Чуть кривя тонкие губы в улыбке, князь время от времени согласно кивал головой, а в мыслях уже прикидывал, сколько понадобится работных людей, камня, леса и, самое главное, какой профит сумеет он извлечь для себя из всех затей этого темпераментного маэстро.
С каждым кивком князя все радостнее становилось течение мыслей художника. Кажется, все свидетельствовало, что замысел пришелся светлейшему по душе. Но рассказ — только начало. Сегодня же велит он сыну приступить к созданию небольшой деревянной модели будущего ансамбля.
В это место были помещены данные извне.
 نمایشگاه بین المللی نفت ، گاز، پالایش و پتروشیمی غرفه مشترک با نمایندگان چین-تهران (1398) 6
Модель всегда убедительнее. А мальчик исполнит ее хорошо. Что и говорить, Бог и отец наделили его богатым воображением, развитым чувством пластики и пространства. Способен Франческо Бартоломео, очень способен. Еще немного, и станет лучшим, надежным помощником отца…
Десятилетия спустя, подводя итог прожитым годам, Растрелли-сын напишет: «По моем прибытии [в Петербург] я составил генеральный план всего расположения мызы Стрельна, а также приступил к изготовлению модели большого сада с видом на море».
Рассмотрев генеральный план и прочитав пояснительную записку, одобрил проект царь Петр, после чего две сотни землекопов приступили к рытью каналов и планировке аллей будущего парка. А Растрелли-отец уже вынашивал планы грандиозного строительства в Петергофе и новой, еще не виданной планировки Васильевского острова.
Он уже почти наяву видел, как его теперешнее жилье — тесный флигель — превращается в роскошный дворец, как вместе со званием «обер-архитектор» — нет, «гоф-архитектор» — он обретает мундир с пышным золотым шитьем. И никто, даже сам светлейший Александр Меншиков, не мог предположить, что слепой случай очень скоро разрушит этот великолепный воздушный замок.
Привыкший, по словам В. О. Ключевского, больше «обращаться с вещами, с рабочими орудиями, чем с людьми», Петр I и «с людьми обращался, как с рабочими орудиями», отбирая тех, которые в данный момент были ему интереснее и сподручнее. Вспомним, что, путешествуя по Европе, император прослышал о славном парижском архитекторе Жане Батисте Леблоне и захотел сманить у французского двора, как сам говорил, эту «прямую диковину».